A major problem, that would take many years to resolve, was that the rich guano deposits were used as security on all the bonds. Peru struggled to make bond interest payments but on 18 December 1875, Peru defaulted. The War of the Pacific (1879–1883) made matters far worse for the country and its creditors, and by 1889 something had to be done about the situation.

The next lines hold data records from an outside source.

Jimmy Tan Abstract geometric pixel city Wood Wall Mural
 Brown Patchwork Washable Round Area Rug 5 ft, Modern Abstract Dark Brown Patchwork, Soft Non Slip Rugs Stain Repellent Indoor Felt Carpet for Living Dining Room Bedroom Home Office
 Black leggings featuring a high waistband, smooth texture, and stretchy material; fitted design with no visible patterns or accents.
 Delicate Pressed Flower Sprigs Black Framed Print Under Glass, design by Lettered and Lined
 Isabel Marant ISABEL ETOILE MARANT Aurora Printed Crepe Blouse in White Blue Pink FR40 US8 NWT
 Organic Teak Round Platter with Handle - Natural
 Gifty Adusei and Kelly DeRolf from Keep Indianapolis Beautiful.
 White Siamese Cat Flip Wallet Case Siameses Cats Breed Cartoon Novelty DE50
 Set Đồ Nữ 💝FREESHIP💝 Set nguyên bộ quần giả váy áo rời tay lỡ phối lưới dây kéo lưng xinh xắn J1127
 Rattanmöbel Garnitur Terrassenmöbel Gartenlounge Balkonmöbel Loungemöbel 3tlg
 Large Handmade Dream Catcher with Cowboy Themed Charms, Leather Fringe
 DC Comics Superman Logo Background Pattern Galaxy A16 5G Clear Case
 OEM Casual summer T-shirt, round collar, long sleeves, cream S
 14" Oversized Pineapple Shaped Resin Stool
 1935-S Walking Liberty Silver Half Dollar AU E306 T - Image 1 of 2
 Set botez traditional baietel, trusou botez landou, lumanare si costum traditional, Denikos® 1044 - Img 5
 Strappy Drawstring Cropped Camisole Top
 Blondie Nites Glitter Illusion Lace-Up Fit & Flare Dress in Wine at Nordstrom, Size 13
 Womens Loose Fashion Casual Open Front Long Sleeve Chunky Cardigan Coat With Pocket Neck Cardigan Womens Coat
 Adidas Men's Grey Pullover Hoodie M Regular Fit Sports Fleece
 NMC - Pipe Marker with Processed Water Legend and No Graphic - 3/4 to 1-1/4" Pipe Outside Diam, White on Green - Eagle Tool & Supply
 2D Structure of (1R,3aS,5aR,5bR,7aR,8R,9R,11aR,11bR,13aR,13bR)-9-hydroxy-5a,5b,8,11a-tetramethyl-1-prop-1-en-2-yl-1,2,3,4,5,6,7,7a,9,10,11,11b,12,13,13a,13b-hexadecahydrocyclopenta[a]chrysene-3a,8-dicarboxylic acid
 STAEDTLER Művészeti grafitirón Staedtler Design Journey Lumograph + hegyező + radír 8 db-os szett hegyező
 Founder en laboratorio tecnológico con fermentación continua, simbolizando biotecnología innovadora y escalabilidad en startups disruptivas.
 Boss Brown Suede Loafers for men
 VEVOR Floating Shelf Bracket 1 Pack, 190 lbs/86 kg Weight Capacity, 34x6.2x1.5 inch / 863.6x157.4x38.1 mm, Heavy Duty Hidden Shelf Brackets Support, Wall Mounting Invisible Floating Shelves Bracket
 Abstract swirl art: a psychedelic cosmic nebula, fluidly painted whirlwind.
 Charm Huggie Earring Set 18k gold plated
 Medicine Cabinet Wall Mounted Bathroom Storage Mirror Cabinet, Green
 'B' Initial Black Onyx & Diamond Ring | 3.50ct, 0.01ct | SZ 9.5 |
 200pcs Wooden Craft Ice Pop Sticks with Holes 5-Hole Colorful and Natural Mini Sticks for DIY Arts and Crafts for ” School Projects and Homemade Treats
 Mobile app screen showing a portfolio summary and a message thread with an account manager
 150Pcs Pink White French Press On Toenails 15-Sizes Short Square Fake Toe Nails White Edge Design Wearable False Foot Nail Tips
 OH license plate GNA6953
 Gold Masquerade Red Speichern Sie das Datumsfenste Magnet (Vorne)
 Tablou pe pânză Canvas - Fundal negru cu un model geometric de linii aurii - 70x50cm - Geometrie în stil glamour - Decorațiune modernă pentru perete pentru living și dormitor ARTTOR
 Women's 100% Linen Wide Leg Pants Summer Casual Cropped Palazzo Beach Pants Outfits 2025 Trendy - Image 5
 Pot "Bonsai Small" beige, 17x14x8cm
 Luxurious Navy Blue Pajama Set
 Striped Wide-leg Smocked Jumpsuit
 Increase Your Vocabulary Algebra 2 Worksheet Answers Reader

In London a group formed the Peruvian Corporation to try to resolve the issues and recoup invested money. The objectives of the company were extensive. They included the acquisition of real or personal property in Peru or elsewhere, dealing in land, produce, and property of all kinds, constructing and managing railways, roads, and telegraphs, and carrying on the business usually carried on by railway companies, canal companies, and telegraph companies. It also was involved in constructing and managing docks and harbours, ships, mines, beds of nitrates, managing the state domains, and acting as agents of the Peruvian Government.

===Grace Contract===
William Russell Grace and Michael P. Grace had formed the Grace Brothers & Co. (later the W. R. Grace and Company) in 1865, and had a vast business empire with interests in Lima, and Callo in Peru; as well as Valparaiso, Santiago, and Concepcion in Chile. By 1889 these interests included a large guano trade as well as Grace Line shipping. Moves to address the Peruvian financial crisis included the Elias-Castellon and Irigoyen-Delgado-Donoughmore protocols, that were formalized by 1890. Michael Grace and Lord Donoughmore were able to get the Grace Contract (originating in 1886) ratified in 1890 also.

====Original terms ====
Terms of the Grace Contract were that the Peruvian Corporation took over the depreciated bonds of the Peruvian Government on the condition that the government-owned railroads and the guano exportation be under their control for a period of years. The bonds were exchanged for stock in the Peruvian Corporation. William Davies of Argentina and Peru, ran the Peruvian Corporation for W. R. Grace and Company. The corporation later surrendered the bonds to the Peruvian Government in exchange for the following concessions: the use for 66 years of all the railroad properties of the Peruvian Government, most important of which were the Southern Railway of Peru and the Central Railway of Peru; assignment of the guano existing in Peruvian territory, especially on certain adjacent islands, up to the amount of 2,000,000 tons; certain other claims on guano deposits, especially in the Lobos and other islands; 33 annual payments by the Peruvian Government, each of $400,000.

====Modifications====
In 1907, this arrangement was modified by an extension of the leases of the railways from 1956 to 1973, by a reduction in the number of annual payments from 33 to 30, and by a further agreement on the part of the Peruvian Corporation to construct certain railroad extensions to Cuzco and to Huancayo. The bonds of this corporation were largely held by English, French, and Dutch subjects. Consequently, the diplomatic representatives of these countries in Peru sought proper interest in the welfare of their nationals, the bondholders.

A new arrangement was created in 1955, whereby a Canadian company, the Peruvian Transport Corporation Ltd., acquired and held the outstanding share capital of the Peruvian Corporation. Empresa Nacional de Ferrocarriles del Peru (ENAFER) was formed in 1972, and was taken over by the government at the end of that year. The company's archives for the period of 1849-1967 are held at University College London.